August 9, 2016
All the days seem to blend into each other – the events of yesterday bleed into today and I know I will see the same faces and hear the same stories tomorrow. Sometimes the stories are told directly to me – although I needed a translator. Many a time, the stories are left incomplete as the translator would break down and cry unable to carry on. At other times I heard the stories secondhand – from other physicians and volunteers who speak the language and did not need translators. These are stories of devastating loss, of profound sadness at the betrayal of the world at large. I cannot bear to look into sad and vacant eyes of the refugee when she tells me that she lost her loved ones, or they got separated from her because they waited for a bit too long! Another one says that they prayed and were hopeful that the world community would step in and the carnage would stop! But there was no help and then the unthinkable happened! And when it did – when his house was destroyed by a barrel bomb and the flesh of the ones he loved the most in the world was splattered all over the wall, he was forced to finally get up and walk away!
Little kids – innocent beings – were witness to random beheadings in the streets as they played. They were afraid to move inside their own homes as they knew the snipers outside had guns aimed at their windows and would not hesitate to shoot if they spotted movement. I heard accounts of women and children crying, pleading for the life of their loves as they ran after the vehicles in which the men were being taken away, shoved into the trunks of cars! It seems unreal and I cannot believe that I have it in me to sit and listen to these stories! If I were reading a book – I would put the book away – I have no stomach for this, I’d say! But here I am – sitting and listening to these stories! Listening – because another human being is telling me his gut wrenching story – and I cannot get up and leave. I cannot close this book and put it away! And so I sit down and listen to:
– Stories of blood curdling fear – as 45 of them, in the darkness of the night, get into a little rubber dinghy that was intended to carry only six.
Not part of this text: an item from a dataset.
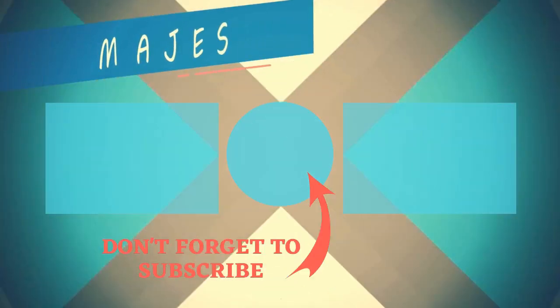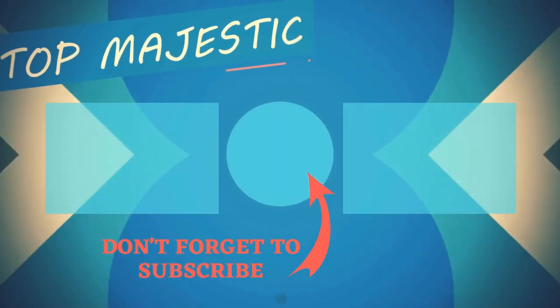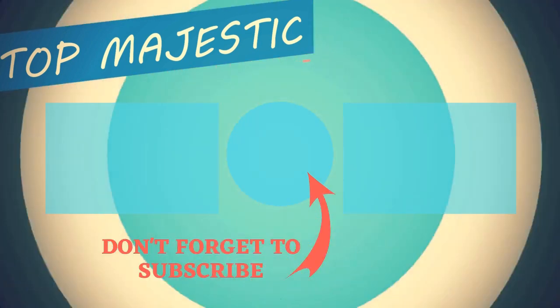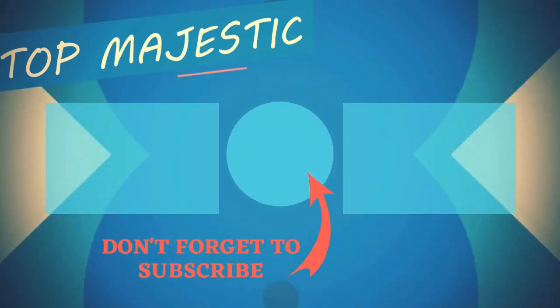Thank you so much for the support — like and comment down below. Thank you so much for watching, and I look forward to seeing you in the next video. Take care. Bye!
Of watching bobbing objects in the sea – not knowing if it was a living being or a corpse! Being paralyzed by fear that any movement would destabilize the little rubber boat – they opted to do nothing as they prayed for forgiveness for their inaction!
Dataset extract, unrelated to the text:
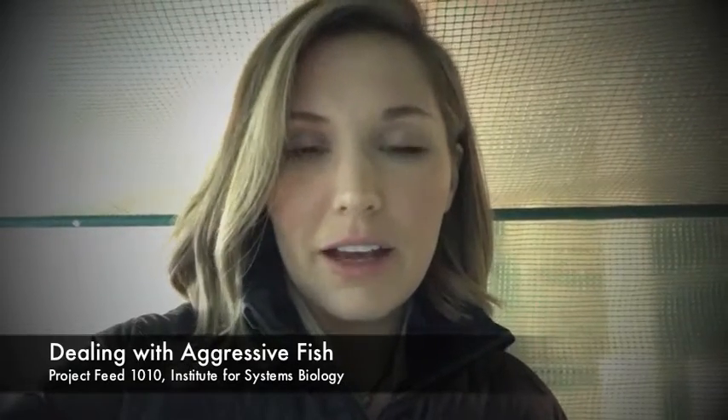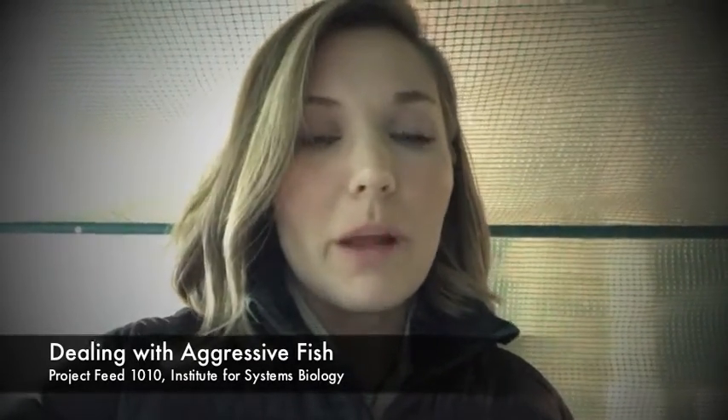Hey everyone. I wanted to take an opportunity today to speak with each of you who are having issues with your fish and your aquaponics system. At Institute for Systems Biology, we use Mozambique Tilapia, which happen to be a really hardy species of fish, but unfortunately they can also be really territorial.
– Stories of utter desolation and humiliation. These proud people refused food when it was offered to them by the local charities upon reaching dry land. A teenager told me that he declined the food because he felt he would much rather work for food than accept handouts! However, after three days of torrential rain and being drenched to the bone – he stood in line for 2 hours for a warm blanket and another two hours for a bowl of soup! Tears roll down his cheeks liberally as he tells me this story – as it does mine!
So what did I do during my 9 days in Thessaloniki, Greece? I listened to their stories – even when I could bear it no more! When I thought I would lose it all and bawl like a baby – I sat still and listened to anyone who would talk to me. I cried unabashedly.
And through it all – we doctored the best we could. We looked into their eyes, ears and throat. We listened to their heart and lungs; we ordered blood tests and X-rays, reviewed labs and images. We prescribed antibiotics for their infections, repaired broken skin, and bandaged their wounds. We referred them to specialists when we felt it was warranted, we sent them to the hospital when we thought they needed immediate intervention. We shared ourselves and our skills (limited though they may be) with them. And, while doing this, we hoped and prayed that we (through SAMS) were able to provide some comfort and reassurance and create a semblance of normalcy in this otherwise horrifying, unreal world!